Dataset items

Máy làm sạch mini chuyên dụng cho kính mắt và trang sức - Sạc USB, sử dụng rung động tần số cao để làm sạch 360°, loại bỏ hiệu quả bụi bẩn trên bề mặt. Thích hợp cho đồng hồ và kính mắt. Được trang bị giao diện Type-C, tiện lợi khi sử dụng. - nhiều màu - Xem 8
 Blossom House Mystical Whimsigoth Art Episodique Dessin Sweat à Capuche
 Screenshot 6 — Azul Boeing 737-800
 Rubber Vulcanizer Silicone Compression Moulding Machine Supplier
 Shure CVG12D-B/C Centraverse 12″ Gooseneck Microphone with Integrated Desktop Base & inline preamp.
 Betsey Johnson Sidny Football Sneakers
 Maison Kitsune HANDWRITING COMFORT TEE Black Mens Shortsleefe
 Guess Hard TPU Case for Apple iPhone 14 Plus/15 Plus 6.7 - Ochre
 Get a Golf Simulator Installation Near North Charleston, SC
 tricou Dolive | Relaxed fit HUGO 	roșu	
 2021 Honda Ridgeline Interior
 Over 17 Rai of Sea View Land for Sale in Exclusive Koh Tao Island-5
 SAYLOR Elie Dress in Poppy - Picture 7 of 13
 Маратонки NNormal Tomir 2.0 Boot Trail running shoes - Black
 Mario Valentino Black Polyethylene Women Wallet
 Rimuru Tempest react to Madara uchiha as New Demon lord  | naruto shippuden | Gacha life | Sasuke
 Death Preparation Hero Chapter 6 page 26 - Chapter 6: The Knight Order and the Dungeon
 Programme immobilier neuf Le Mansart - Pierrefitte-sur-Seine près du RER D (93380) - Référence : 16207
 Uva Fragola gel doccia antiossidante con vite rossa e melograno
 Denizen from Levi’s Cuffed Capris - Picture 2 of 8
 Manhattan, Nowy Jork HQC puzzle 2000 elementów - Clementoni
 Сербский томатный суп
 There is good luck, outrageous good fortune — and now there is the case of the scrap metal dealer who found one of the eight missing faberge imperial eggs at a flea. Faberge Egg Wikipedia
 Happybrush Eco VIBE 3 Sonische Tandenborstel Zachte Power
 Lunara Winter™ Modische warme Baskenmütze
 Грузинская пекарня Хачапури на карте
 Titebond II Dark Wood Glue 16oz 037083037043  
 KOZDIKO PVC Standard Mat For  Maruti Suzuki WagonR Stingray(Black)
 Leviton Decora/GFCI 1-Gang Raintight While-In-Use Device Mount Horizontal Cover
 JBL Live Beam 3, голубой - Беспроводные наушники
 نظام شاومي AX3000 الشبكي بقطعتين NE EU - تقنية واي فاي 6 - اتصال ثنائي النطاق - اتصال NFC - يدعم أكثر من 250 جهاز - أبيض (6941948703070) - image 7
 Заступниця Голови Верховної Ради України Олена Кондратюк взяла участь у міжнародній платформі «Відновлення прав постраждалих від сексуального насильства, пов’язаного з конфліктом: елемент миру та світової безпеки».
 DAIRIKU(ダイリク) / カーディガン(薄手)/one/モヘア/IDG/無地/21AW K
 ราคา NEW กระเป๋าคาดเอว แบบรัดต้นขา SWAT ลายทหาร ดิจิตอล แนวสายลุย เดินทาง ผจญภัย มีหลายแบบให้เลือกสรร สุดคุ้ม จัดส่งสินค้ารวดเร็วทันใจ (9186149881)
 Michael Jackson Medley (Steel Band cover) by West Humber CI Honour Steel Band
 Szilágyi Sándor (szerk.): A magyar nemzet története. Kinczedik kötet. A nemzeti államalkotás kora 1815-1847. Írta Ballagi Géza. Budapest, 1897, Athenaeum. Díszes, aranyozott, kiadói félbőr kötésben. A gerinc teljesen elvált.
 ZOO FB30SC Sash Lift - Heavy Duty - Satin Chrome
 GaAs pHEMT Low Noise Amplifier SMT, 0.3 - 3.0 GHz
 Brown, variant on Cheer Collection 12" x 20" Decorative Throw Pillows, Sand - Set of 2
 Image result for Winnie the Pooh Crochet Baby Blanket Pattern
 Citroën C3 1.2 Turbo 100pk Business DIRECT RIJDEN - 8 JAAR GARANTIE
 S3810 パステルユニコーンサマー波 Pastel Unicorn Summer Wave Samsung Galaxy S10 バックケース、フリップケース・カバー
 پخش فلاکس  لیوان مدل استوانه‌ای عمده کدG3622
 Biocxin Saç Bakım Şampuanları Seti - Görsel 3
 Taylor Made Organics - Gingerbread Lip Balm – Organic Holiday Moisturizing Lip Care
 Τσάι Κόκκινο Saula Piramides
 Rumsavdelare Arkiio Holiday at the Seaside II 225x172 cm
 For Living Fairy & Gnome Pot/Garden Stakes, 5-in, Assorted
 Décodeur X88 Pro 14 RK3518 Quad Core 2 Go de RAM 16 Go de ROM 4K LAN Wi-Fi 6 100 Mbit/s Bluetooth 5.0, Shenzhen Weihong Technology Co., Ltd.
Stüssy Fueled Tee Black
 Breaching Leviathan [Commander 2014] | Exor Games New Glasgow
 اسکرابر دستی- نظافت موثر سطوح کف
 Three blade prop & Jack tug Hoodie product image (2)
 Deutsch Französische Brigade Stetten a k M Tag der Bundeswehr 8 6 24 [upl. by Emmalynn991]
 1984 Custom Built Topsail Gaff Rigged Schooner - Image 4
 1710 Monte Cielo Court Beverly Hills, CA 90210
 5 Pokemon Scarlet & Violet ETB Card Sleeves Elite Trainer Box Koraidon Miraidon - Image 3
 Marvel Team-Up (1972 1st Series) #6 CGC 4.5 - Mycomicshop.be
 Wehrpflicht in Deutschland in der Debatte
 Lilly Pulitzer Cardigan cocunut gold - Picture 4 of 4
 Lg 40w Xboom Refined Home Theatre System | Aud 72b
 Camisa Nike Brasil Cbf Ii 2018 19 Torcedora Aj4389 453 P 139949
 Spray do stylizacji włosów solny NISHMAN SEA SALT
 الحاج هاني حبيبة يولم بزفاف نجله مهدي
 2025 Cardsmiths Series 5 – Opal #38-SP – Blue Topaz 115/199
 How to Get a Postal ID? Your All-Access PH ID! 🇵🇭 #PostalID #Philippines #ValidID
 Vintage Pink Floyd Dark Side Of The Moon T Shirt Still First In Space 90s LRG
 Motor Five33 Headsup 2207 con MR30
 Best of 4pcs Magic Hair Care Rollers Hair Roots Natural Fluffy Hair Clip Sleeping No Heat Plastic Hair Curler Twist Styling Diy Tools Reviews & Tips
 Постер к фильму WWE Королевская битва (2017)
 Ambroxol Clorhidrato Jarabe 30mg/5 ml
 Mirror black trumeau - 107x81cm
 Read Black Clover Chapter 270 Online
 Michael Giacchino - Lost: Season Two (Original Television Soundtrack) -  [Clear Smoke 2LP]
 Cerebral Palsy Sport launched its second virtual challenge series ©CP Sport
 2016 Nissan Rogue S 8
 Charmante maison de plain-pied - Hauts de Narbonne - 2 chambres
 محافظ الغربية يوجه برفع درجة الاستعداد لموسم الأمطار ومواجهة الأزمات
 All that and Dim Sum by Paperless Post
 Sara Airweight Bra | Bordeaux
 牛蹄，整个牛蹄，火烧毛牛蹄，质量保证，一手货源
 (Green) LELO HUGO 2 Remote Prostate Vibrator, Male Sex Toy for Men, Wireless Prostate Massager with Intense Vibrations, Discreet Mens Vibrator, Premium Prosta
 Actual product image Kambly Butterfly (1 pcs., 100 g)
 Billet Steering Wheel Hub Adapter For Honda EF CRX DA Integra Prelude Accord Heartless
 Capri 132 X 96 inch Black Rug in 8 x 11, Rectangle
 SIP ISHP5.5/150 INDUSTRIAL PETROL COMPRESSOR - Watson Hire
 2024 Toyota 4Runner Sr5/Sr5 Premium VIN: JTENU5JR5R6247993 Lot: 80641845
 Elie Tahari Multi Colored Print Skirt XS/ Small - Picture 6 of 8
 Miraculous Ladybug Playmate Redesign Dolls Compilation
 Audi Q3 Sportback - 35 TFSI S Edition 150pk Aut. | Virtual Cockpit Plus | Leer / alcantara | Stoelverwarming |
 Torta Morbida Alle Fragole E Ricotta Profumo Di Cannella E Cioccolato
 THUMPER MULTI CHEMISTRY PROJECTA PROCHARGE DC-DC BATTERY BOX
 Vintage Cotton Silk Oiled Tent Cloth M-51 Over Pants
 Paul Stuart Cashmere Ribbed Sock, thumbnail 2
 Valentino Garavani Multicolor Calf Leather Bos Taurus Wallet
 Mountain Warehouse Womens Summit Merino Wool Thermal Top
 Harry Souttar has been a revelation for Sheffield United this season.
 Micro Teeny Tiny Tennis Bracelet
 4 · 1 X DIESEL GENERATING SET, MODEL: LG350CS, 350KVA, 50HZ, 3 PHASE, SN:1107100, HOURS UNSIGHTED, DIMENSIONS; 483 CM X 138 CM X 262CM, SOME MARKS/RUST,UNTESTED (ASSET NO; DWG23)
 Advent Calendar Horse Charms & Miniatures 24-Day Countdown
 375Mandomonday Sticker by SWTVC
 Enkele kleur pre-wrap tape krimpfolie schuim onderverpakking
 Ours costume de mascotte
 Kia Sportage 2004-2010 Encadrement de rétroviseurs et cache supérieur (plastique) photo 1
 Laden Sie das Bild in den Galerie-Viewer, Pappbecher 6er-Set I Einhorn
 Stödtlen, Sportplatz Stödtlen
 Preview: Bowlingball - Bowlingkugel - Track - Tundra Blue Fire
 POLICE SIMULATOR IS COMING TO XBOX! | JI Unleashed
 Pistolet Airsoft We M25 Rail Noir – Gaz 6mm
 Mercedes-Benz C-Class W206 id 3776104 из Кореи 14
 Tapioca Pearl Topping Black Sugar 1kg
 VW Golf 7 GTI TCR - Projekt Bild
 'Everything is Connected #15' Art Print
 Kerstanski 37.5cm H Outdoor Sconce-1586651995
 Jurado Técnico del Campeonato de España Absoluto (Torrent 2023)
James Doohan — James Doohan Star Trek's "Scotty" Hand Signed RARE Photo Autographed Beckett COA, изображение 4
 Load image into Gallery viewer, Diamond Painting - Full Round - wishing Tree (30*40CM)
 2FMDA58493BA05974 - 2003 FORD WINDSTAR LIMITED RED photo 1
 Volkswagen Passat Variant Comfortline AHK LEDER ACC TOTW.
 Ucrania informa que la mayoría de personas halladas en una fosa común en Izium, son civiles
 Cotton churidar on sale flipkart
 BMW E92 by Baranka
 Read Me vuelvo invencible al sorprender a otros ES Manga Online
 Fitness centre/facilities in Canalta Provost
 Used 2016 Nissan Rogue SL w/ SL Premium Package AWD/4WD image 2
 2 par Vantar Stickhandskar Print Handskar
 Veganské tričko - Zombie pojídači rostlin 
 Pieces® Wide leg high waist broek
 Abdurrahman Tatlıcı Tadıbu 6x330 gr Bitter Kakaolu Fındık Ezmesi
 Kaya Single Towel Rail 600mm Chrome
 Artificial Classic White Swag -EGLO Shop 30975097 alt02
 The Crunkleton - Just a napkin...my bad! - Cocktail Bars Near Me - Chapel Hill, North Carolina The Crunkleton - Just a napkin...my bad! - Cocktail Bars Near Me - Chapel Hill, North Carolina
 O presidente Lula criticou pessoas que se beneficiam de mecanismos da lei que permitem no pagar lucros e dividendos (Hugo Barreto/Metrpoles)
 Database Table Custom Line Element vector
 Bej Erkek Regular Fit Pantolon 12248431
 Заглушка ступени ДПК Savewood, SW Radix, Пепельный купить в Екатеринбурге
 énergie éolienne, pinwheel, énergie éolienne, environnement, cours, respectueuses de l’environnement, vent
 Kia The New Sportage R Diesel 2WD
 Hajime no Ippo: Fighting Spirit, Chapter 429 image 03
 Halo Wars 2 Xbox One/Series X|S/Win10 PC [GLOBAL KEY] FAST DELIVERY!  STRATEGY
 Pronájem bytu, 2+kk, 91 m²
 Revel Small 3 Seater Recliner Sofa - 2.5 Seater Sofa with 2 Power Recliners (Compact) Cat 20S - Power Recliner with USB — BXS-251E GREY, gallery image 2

* Action item *
Among the entries above, the line containing "Pistolet Airsoft We M25 Rail Noir – Gaz 6mm", the line containing "BMW E92 by Baranka", and all lines between them are to be restated word for word; nothing else belongs in the reply.

* Solved problem *
 Pistolet Airsoft We M25 Rail Noir – Gaz 6mm
 Mercedes-Benz C-Class W206 id 3776104 из Кореи 14
 Tapioca Pearl Topping Black Sugar 1kg
 VW Golf 7 GTI TCR - Projekt Bild
 'Everything is Connected #15' Art Print
 Kerstanski 37.5cm H Outdoor Sconce-1586651995
 Jurado Técnico del Campeonato de España Absoluto (Torrent 2023)
James Doohan — James Doohan Star Trek's "Scotty" Hand Signed RARE Photo Autographed Beckett COA, изображение 4
 Load image into Gallery viewer, Diamond Painting - Full Round - wishing Tree (30*40CM)
 2FMDA58493BA05974 - 2003 FORD WINDSTAR LIMITED RED photo 1
 Volkswagen Passat Variant Comfortline AHK LEDER ACC TOTW.
 Ucrania informa que la mayoría de personas halladas en una fosa común en Izium, son civiles
 Cotton churidar on sale flipkart
 BMW E92 by Baranka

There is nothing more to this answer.